L'operaio, Claudio Pierini, aveva 52 anni. Fatale una macchia oleosa sul pavimento

foto d'archivio

E' stata confermata ieri dalla corte di Appello di Firenze la condanna di primo grado a carico del dirigente Coop Marco Covelli, nel processo scaturito dalla morte di Claudio Pierini, l'operaio di 52 anni deceduto nel 2011 per un incidente sul lavoro col muletto. Covelli è stato condannato a un anno di reclusione come legale rappresentante di Unicoop Firenze all'epoca dei fatti.

IL 21 luglio di otto anni fa, Pierini stava manovrando nel magazzino di smistamento merci dei supermercati Unicoop a Scandicci. All'improvviso, è stato ricostruito dalla procura di Firenze, il muletto che stava guidando urtò con violenza contro una scaffalatura. Pierini non riuscì a frenarlo, a causa di una macchia oleosa finita sul pavimento per la rottura di una confezione di profumi. L'impatto gli fu fatale.
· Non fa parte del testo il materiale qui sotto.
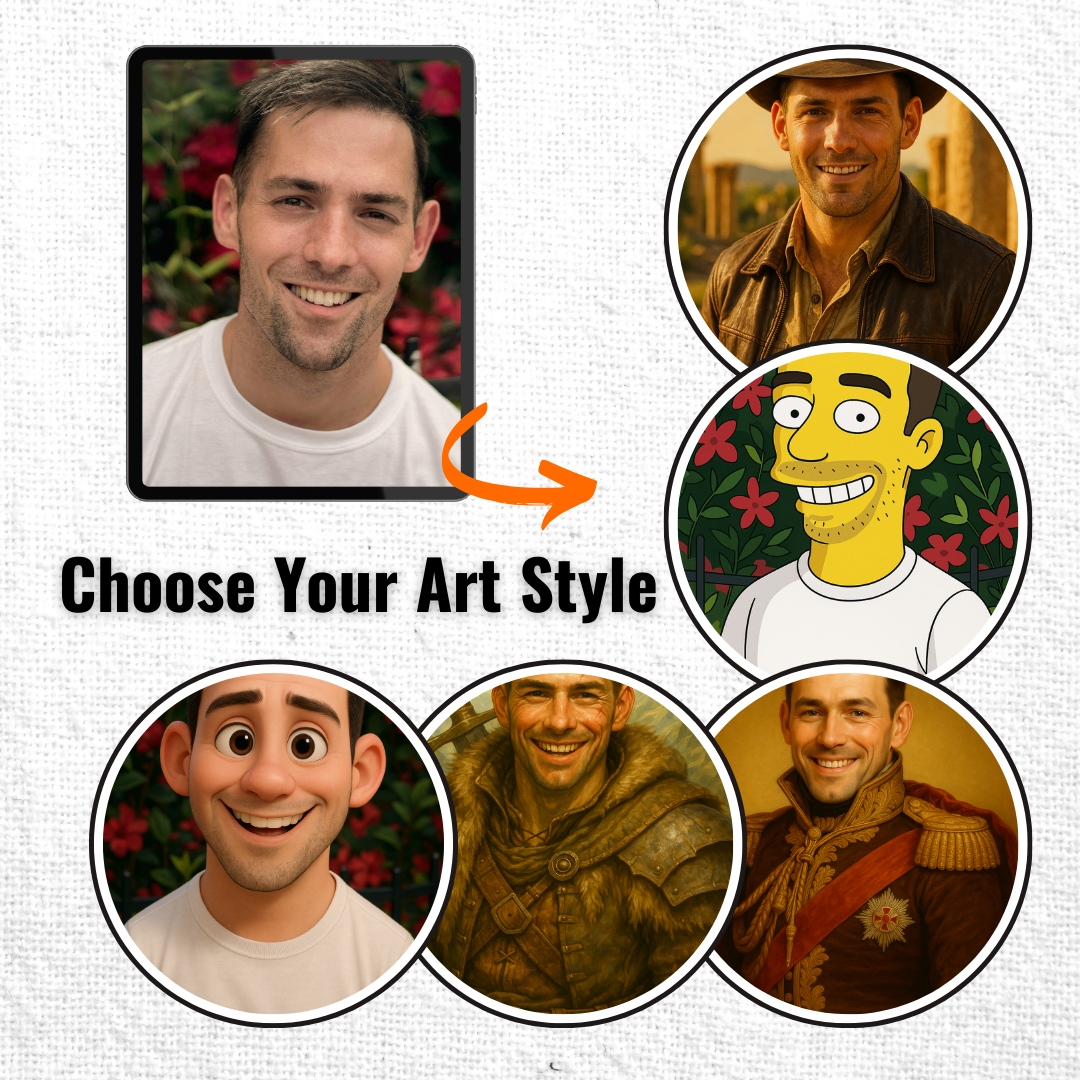 Personalized Portrait for Him – Framed Canvas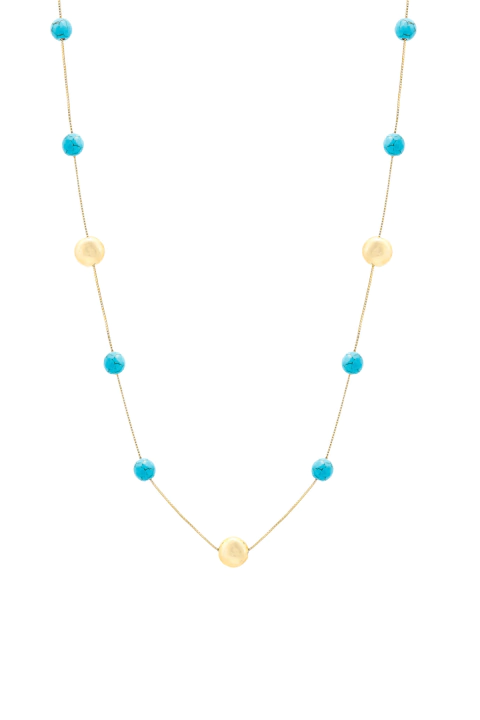 Colar esferas turquesas e douradas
Quattro mesi prima del tragico episodio, i medici del lavoro avevano prescritto che Pierini dovesse alternare, per motivi di salute, la mansione di mulettista ad altre funzioni meno rischiose. Nel processo di primo grado erano imputati anche il responsabile del magazzino coop scandiccese e il responsabile del servizio di prevenzione, entrambi assolti dal giudice 'perchè il fatto non sussiste'.